_Activity_. When you copy from the entries that follow, take only the lines from the one with "गेमिंग मशीन Cash" down to the one with "Book cover of: Advances", keeping both ends and dropping every picture.

_Records from a data collection_.
....................

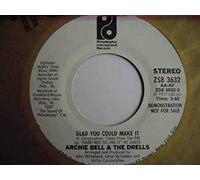 Archie Bell & The Drells - Glad You Could Make It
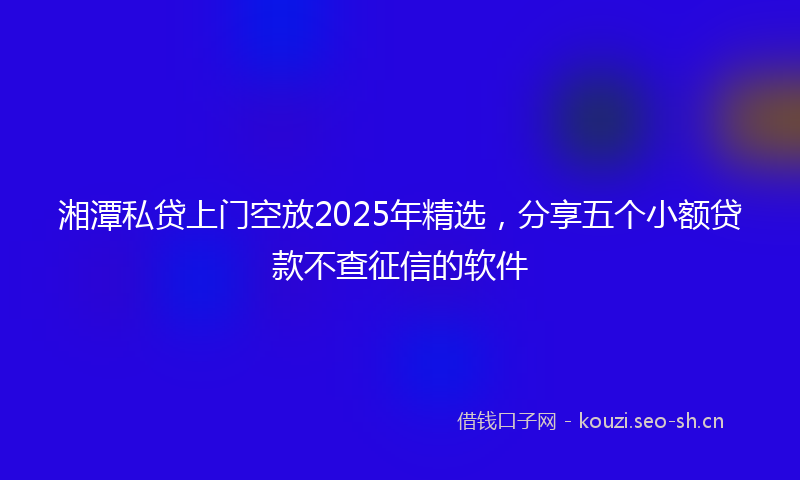 湘潭私贷上门空放2025年精选，分享五个小额贷款不查征信的软件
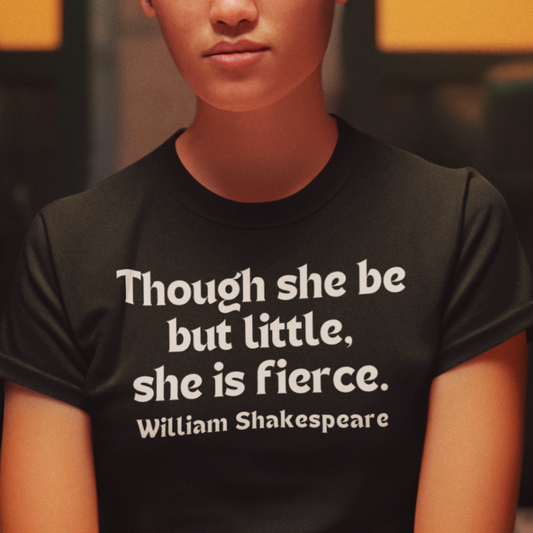 Though She Be But Little, She Is Fierce T-Shirt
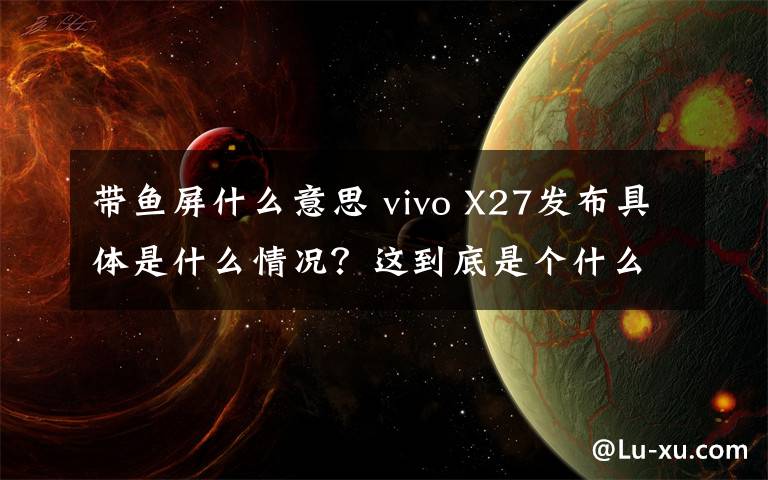 带鱼屏什么意思 vivo X27发布具体是什么情况？这到底是个什么梗？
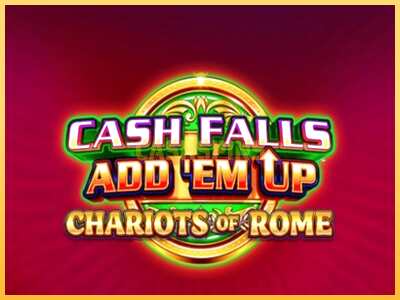 गेमिंग मशीन Cash Falls: Add Em Up Chariots of Rome बड़ी रकम पाने का आपका रास्ता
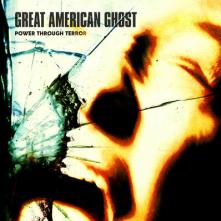 GREAT AMERICAN GHOST  - CD POWER THROUGH TERROR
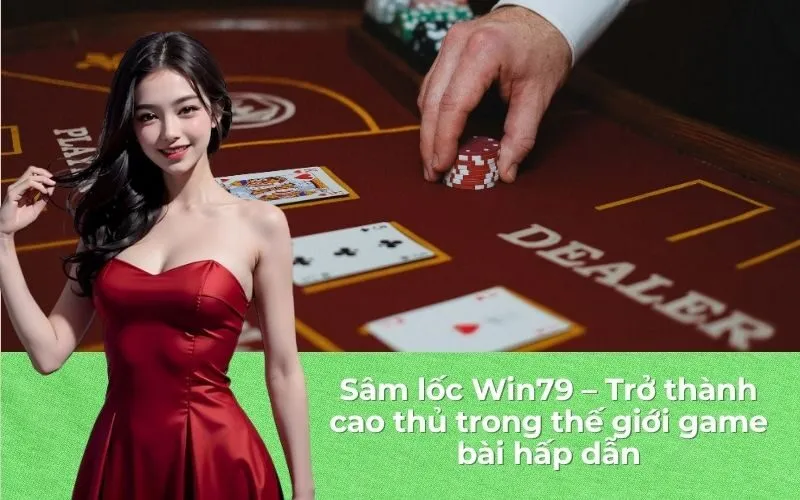 Sâm lốc Win79 – Trở thành cao thủ trong thế giới game bài hấp dẫn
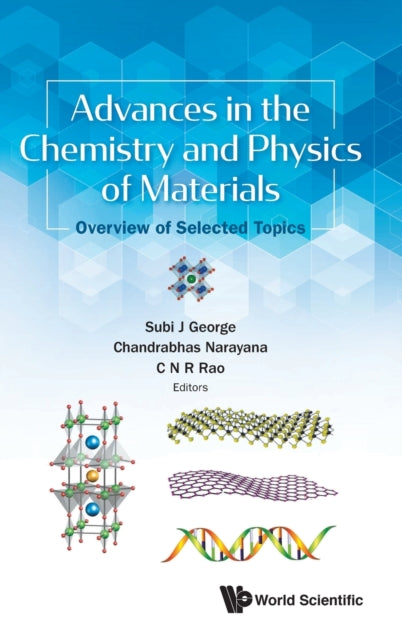 Book cover of: Advances In The Chemistry And Physics Of Materials: Overview Of Selected Topics. By: Subi J. George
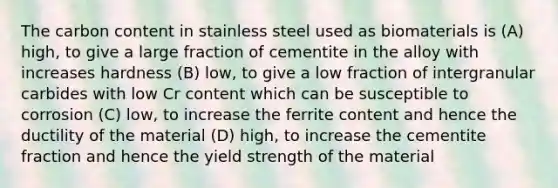 The carbon content in stainless steel used as biomaterials is (A) high, to give a large fraction of cementite in the alloy with increases hardness (B) low, to give a low fraction of intergranular carbides with low Cr content which can be susceptible to corrosion (C) low, to increase the ferrite content and hence the ductility of the material (D) high, to increase the cementite fraction and hence the yield strength of the material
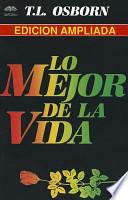 Lo Mejor de la Vida = The Best of Life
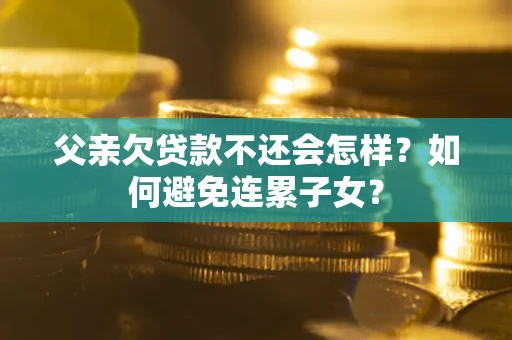 北京父亲欠贷款不还会怎样？如何避免连累子女？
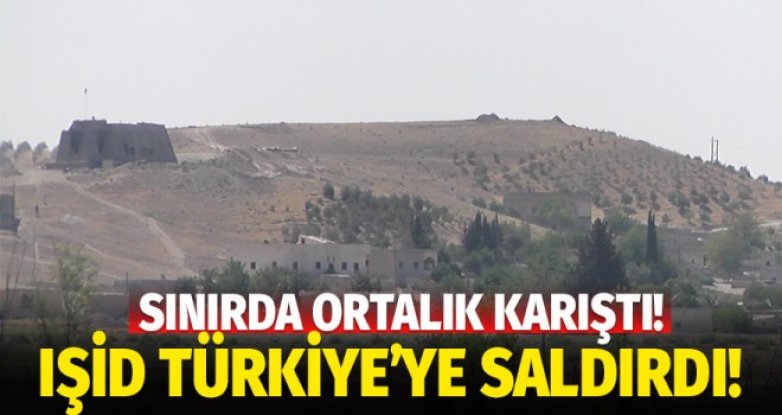 IŞİD Türkiye'ye saldırdı!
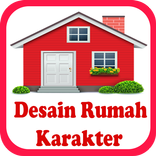 Desain Rumah Karakter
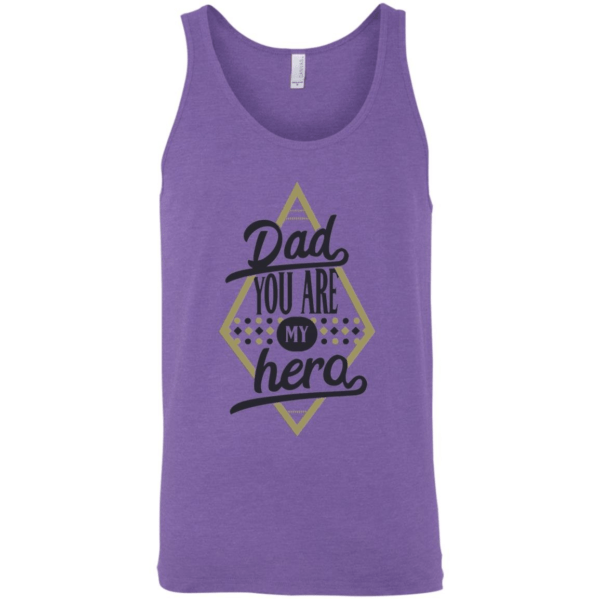 Dad You Are My Hero Unisex Tank Top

....................

_Task output_.
 गेमिंग मशीन Cash Falls: Add Em Up Chariots of Rome बड़ी रकम पाने का आपका रास्ता
 GREAT AMERICAN GHOST  - CD POWER THROUGH TERROR
 Sâm lốc Win79 – Trở thành cao thủ trong thế giới game bài hấp dẫn
 Book cover of: Advances In The Chemistry And Physics Of Materials: Overview Of Selected Topics. By: Subi J. George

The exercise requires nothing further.